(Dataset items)
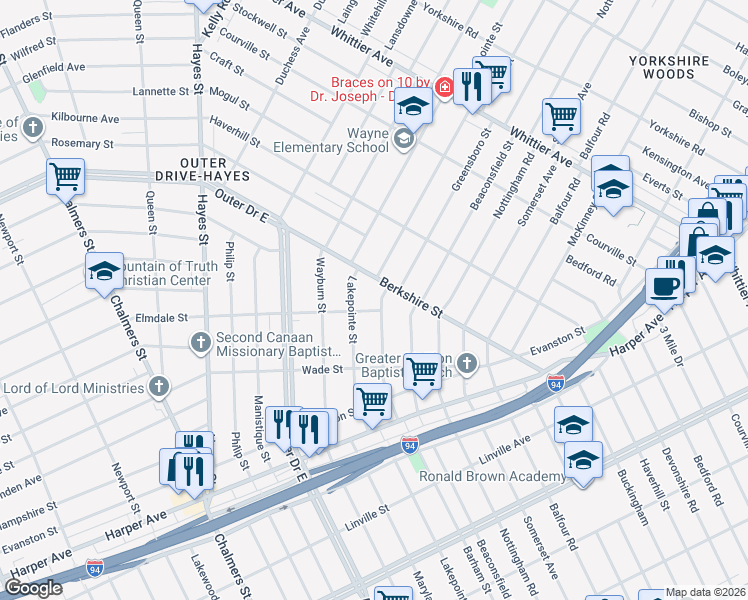 map of restaurants, bars, coffee shops, grocery stores, and more near 9717 Greensboro Street in Detroit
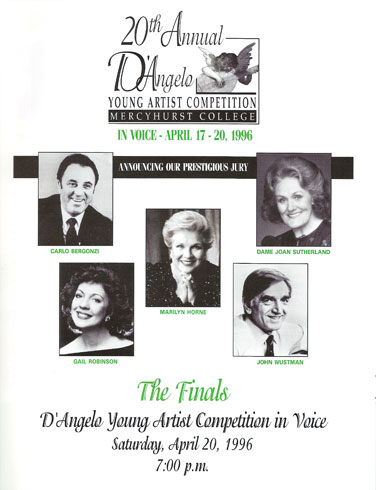 Program Page from D'Angelo Competition. Pictured are Carlo Bergonzi, Marilyn Horne, Dame Joan Sutherland, Gail Robinson and John Wustman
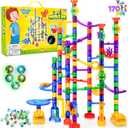 JOYIN 170Pcs Glowing Marble Run, Construction Building Blocks Toys with 5 Glow in The Dark Glass Marbles, STEM Educational Building Block Toy, Birthday Gifts, Easter Basket Stuffers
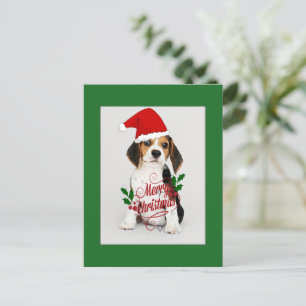 Carte Postale Chien Beagle en Chapeau de Père Noël - Joyeux Noël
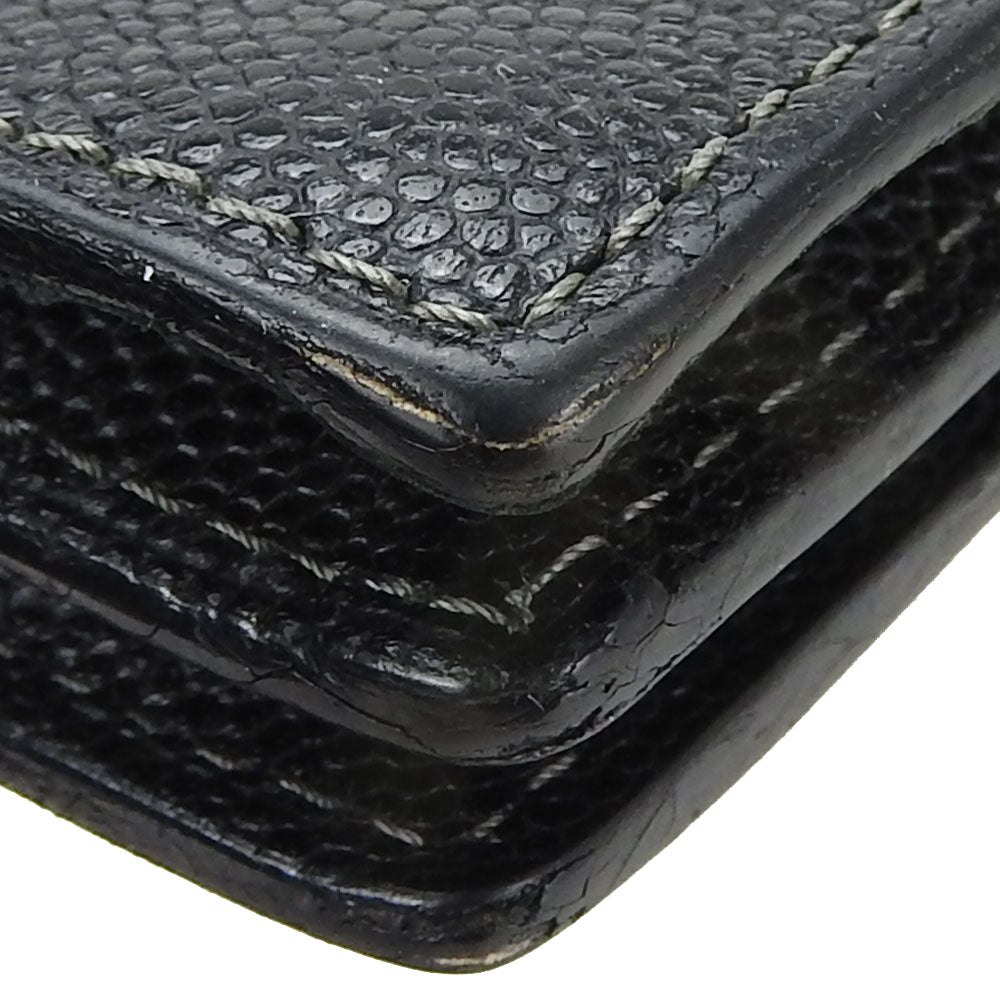 CARTIER Long Wallet Purse leather black Santos Do mens Used Authentic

→ Exercise instructions: Repeat word for word, and nothing more, the lines between the line containing "Program Page from" and the last line of the records above, inclusive, without pictures.

→ Exercise response:
 Program Page from D'Angelo Competition. Pictured are Carlo Bergonzi, Marilyn Horne, Dame Joan Sutherland, Gail Robinson and John Wustman
 JOYIN 170Pcs Glowing Marble Run, Construction Building Blocks Toys with 5 Glow in The Dark Glass Marbles, STEM Educational Building Block Toy, Birthday Gifts, Easter Basket Stuffers
 Carte Postale Chien Beagle en Chapeau de Père Noël - Joyeux Noël
 CARTIER Long Wallet Purse leather black Santos Do mens Used Authentic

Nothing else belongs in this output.